El lunes y el martes son ya días de transición, a caballo entre la despedida de Guatemala y el regreso a España.
El lunes, después de desayunar, bajo al muelle para tomar la lancha pública hacia Panajachel, donde debo coger el "shuttle" que me llevará de regreso a Antigua. La lancha llega atestada de gente. Soy, aparentemente, el único extranjero y al lanchero no le debo de caer demasiado en gracia. Por supuesto, para no perder tiempo, no se molesta en acercar del todo la lancha al muelle, obligándome a saltar. Antes, colocamos mi mochila en el techo de la lancha, mientras me grita que me dé prisa. Me acomodo en la parte delantera, medio en cuclillas. Cuando llegamos a Santa Cruz, toda la prisa que había conmigo se convierte en relajación. Una de las chicas guatemaltecas que sube a la lancha le dice que viene otra persona, a la que ni siquiera se divisa, y esperamos varios minutos hasta que aparece. Cuando lo hace, llega caminando con parsimonia, sin que el lanchero le diga absolutamente nada. Será que se le han pasado ya las prisas... Luego, volvemos al muelle de Santa Cruz, después de zarpar, hasta en cuatro ocasiones, cada vez que ve que se acerca un potencial pasajero, o que alguno de los ocupantes de la lancha le dice que viene alguien. Cuando llegamos a Panajachel, el chico que ayuda al lanchero, tampoco precisamente demasiado amable, me pide 25 quetzales por el viaje. Le digo que lo habitual son 20 (para extranjeros, a quienes ya nos cobran ocho o diez veces más que a los locales) y me señala al patrón, diciendo que es él quien quiere cobrarme 25. Le respondo que no me parece bien, pero aunque me cabrea lo dejo correr, pues no me merece la pena la discusión en este caso, siendo ya el último viaje en lancha, por una cantidad tan nimia, incluso desde sus propios estándares.

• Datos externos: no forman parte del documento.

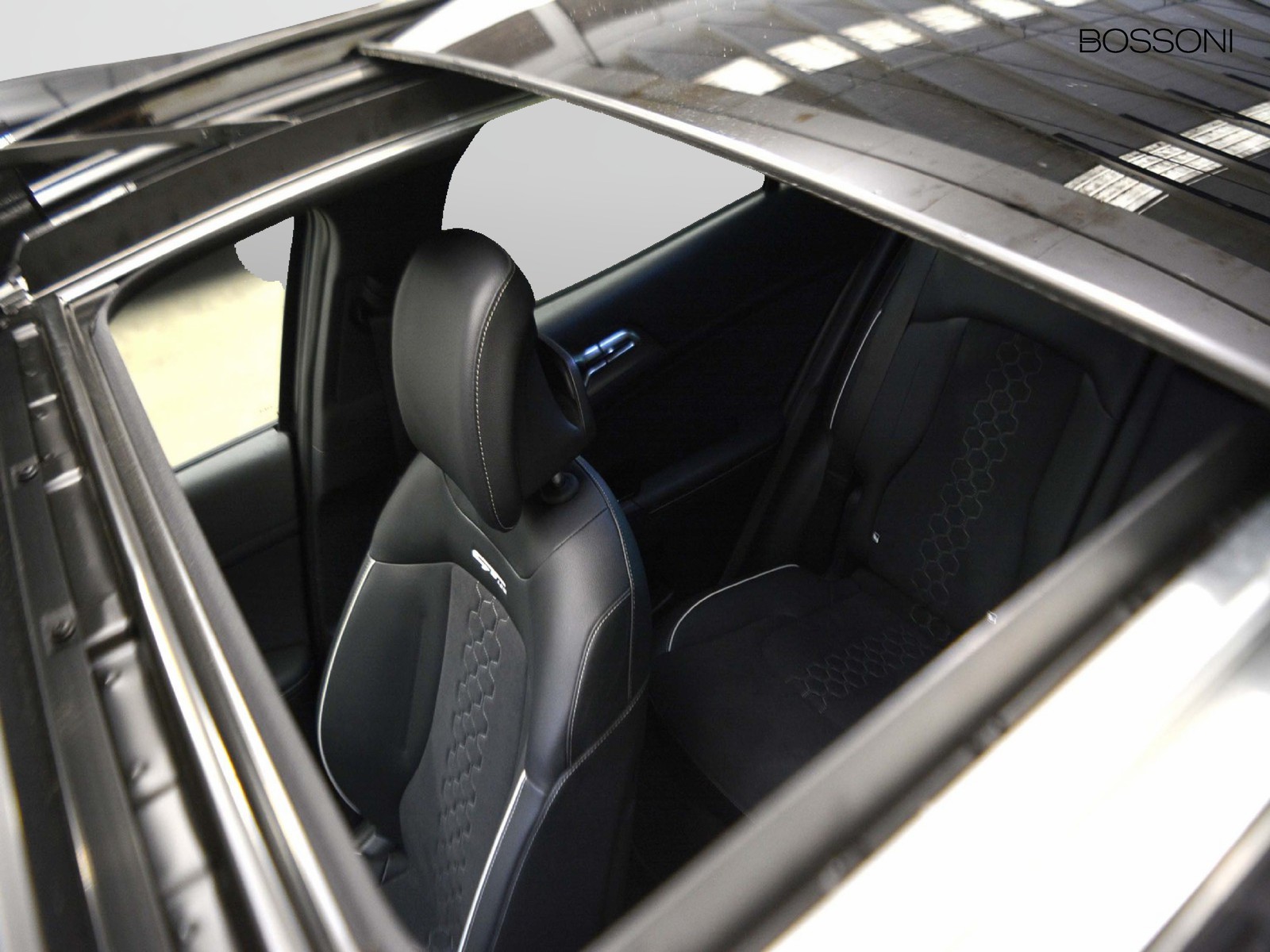 14 - Kia Sportage 1.6 t-gdi phev 245cv gt-line sunroof pack awd at6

Espero en el muelle de Pana algo más de una hora hasta que llega el "shuttle", que me deja junto a mi hotel: Casa Cristina. En esta ocasión, había reservado una habitación en la tercera planta, con ventanas al exterior y vistas al volcán. También es algo más grande, aunque después de alojarme en la primera planta los primeros días, en un habitación interior, no me habría molestado ya en pagar los 15 dólares de diferencia.
Como unos montaditos cerca del hotel y regreso para preparar el equipaje. Encajar todo resulta una tarea ardua, porque llevo demasiadas cosas. Dejé varios kilos de margen al salir de España, pero las compras pesan, y ocupan, mucho.Creo, en todo caso, a juzgar por el peso que me da la báscula portátil que llevo, que me ajustaré, por los pelos, a los límites de peso. Por si acaso, dejo en la parte baja de la mochila un par de líquidos de los que puedo deshacerme, llegado el caso, si me pasara un poco del peso autorizado. Si con esto no bastara, me tocaría pagar sobrepeso.
Por la tarde-noche, después de ver anochecer en la azotea, salgo a un cibercafé a imprimir la tarjeta de embarque y cenar algo. Aunque ha sido un día de no andar mucho, estoy sorprendentemente cansado, por lo que a las diez estoy ya en la cama.
Duermo un número de horas más que prudente y bajo a la recepción a coger un café y un par de bollos de cortesía. Quiero reservar los quetzales que me quedan para el aeropuerto, para no tener que sacar más dinero. Doy cuenta del desayuno en la azotea, acompañado de los restos de un trozo de tarta de zanahoria y un batido de fresa que compré anoche. Después, bajo a ducharme, afeitarme, cargar los aparatos electrónicos para el viaje y cerrar el equipaje. A las doce y media me recogen en un "shuttle" para salir hacia el aeropuerto.